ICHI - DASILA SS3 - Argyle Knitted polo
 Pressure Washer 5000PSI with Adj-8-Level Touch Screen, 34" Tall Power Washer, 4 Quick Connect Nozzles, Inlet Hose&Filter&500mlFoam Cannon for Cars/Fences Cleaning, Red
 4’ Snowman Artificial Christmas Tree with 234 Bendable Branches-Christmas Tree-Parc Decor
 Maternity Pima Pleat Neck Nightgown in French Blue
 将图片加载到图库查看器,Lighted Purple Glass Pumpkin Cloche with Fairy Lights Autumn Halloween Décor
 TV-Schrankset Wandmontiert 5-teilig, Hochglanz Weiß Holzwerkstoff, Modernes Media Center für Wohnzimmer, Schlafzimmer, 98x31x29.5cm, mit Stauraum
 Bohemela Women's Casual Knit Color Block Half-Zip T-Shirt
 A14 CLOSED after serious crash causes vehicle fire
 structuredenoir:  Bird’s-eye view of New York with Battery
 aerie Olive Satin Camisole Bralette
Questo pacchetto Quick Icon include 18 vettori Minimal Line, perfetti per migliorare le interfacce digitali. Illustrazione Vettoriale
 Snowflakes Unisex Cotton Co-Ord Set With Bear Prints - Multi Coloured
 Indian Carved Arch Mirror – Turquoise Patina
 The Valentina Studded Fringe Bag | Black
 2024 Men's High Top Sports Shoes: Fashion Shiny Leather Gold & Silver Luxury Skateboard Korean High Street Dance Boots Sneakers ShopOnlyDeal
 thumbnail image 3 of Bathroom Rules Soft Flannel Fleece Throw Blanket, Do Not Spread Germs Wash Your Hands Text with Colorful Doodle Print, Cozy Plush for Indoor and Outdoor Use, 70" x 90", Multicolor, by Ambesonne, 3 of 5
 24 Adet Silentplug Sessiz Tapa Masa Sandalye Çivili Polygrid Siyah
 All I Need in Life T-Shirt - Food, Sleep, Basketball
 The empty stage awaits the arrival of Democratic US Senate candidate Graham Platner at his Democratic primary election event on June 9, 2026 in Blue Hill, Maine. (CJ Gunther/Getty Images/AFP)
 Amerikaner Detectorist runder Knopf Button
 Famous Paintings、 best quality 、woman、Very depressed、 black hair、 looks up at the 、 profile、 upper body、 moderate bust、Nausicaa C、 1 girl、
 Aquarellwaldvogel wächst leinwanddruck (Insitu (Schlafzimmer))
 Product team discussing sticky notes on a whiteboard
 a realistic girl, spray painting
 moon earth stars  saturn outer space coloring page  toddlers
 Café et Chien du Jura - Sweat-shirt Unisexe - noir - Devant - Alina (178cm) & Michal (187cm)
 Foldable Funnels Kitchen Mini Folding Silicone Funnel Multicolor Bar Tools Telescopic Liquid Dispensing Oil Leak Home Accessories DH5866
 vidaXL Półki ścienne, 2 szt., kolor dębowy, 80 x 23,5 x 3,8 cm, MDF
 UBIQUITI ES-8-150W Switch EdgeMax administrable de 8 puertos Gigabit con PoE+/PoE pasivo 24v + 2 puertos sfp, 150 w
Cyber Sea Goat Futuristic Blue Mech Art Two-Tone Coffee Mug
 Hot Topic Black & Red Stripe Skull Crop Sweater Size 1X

══════════

• [Assignment]
Working from the material above, restate word for word the lines between the line with "aerie Olive Satin Camisole Bralette" and the line with "The Valentina Studded Fringe Bag | Black", both included, and only those.

• [Finished task]
 aerie Olive Satin Camisole Bralette
Questo pacchetto Quick Icon include 18 vettori Minimal Line, perfetti per migliorare le interfacce digitali. Illustrazione Vettoriale
 Snowflakes Unisex Cotton Co-Ord Set With Bear Prints - Multi Coloured
 Indian Carved Arch Mirror – Turquoise Patina
 The Valentina Studded Fringe Bag | Black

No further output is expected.